### [What you have to do]
Begin at the line that contains "Concetto di inclusione" and repeat every line from there to the end of the records below, inclusive, without adding any other line.

### [Dataset excerpts]
--------

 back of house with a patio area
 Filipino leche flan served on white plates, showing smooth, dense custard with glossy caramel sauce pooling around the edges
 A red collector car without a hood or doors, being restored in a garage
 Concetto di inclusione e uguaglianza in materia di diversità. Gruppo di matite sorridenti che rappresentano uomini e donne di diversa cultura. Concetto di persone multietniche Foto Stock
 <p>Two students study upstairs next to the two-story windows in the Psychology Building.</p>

--------

### [Response]
 Concetto di inclusione e uguaglianza in materia di diversità. Gruppo di matite sorridenti che rappresentano uomini e donne di diversa cultura. Concetto di persone multietniche Foto Stock
 <p>Two students study upstairs next to the two-story windows in the Psychology Building.</p>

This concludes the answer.